--- SUPPLIED DATA Enclosed Below ---
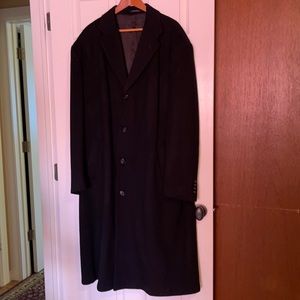 100% wool, lined overcoat.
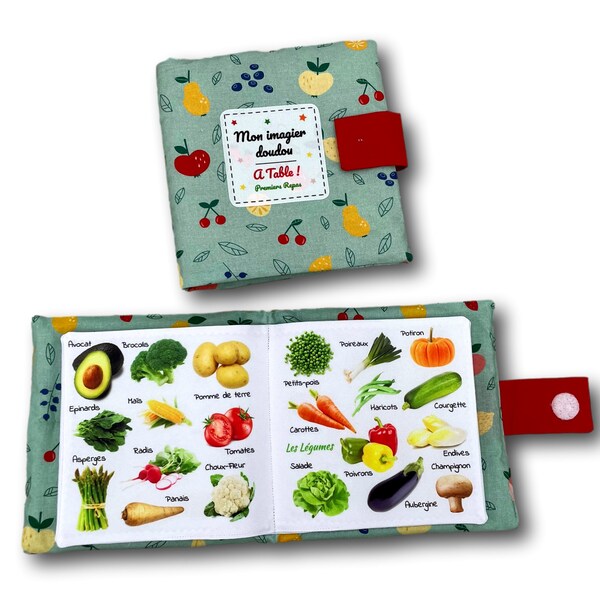 Livre d'éveil éducatif en tissu imagier photo thème repas, fruits, légumes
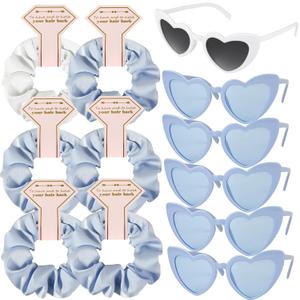 Satin Bridesmaid Scrunchies Bachelorette Hair Ties Set of 6 sunglasses Bridal Shower No Damage Hairties ideas Gift for Wedding Party Favors Bridesmaid Proposal Gifts (White & Dusty Blue)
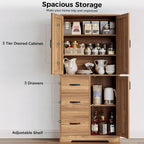 IRONCK Pantry Cabinet, Storage Cabinet with 3 Door & Drawer, Oak Brown | Adjustable Shelf. 67.5inch Tall. 5 Tier Freestanding. 150 lbs Per Shelf. Farmhouse Style. FSC-certified Wood. Anti-tip.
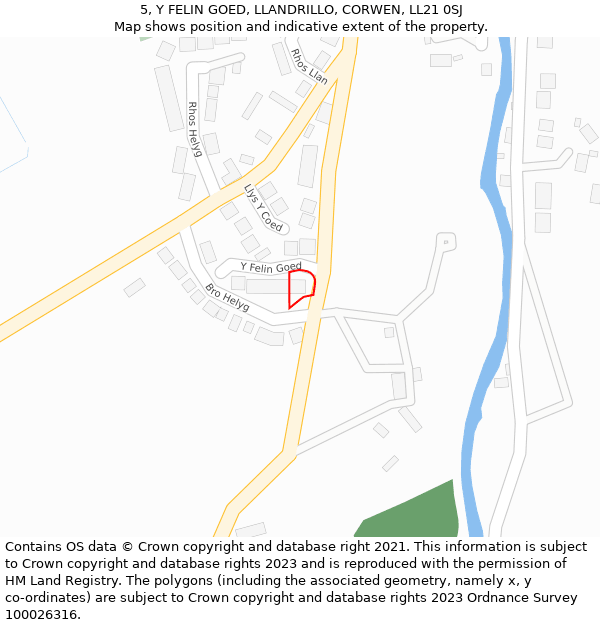 5, Y FELIN GOED, LLANDRILLO, CORWEN, LL21 0SJ: Location map and indicative extent of plot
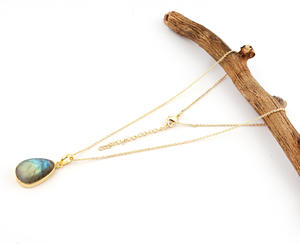 Collar de cadena con colgante de Gema natural para mujer, cadena de cadena con colgante de labradorita chapada en oro - Product Image 4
--- End of Enclosed SUPPLIED DATA ---
• _WORK ORDER_: Give again the stretch of lines above from the one with "Satin Bridesmaid Scrunchies" through the one with "IRONCK Pantry Cabinet, Storage", both ends kept, and copy no pictures.

• _RESPONSE TO THE EXERCISE_:
 Satin Bridesmaid Scrunchies Bachelorette Hair Ties Set of 6 sunglasses Bridal Shower No Damage Hairties ideas Gift for Wedding Party Favors Bridesmaid Proposal Gifts (White & Dusty Blue)
 IRONCK Pantry Cabinet, Storage Cabinet with 3 Door & Drawer, Oak Brown | Adjustable Shelf. 67.5inch Tall. 5 Tier Freestanding. 150 lbs Per Shelf. Farmhouse Style. FSC-certified Wood. Anti-tip.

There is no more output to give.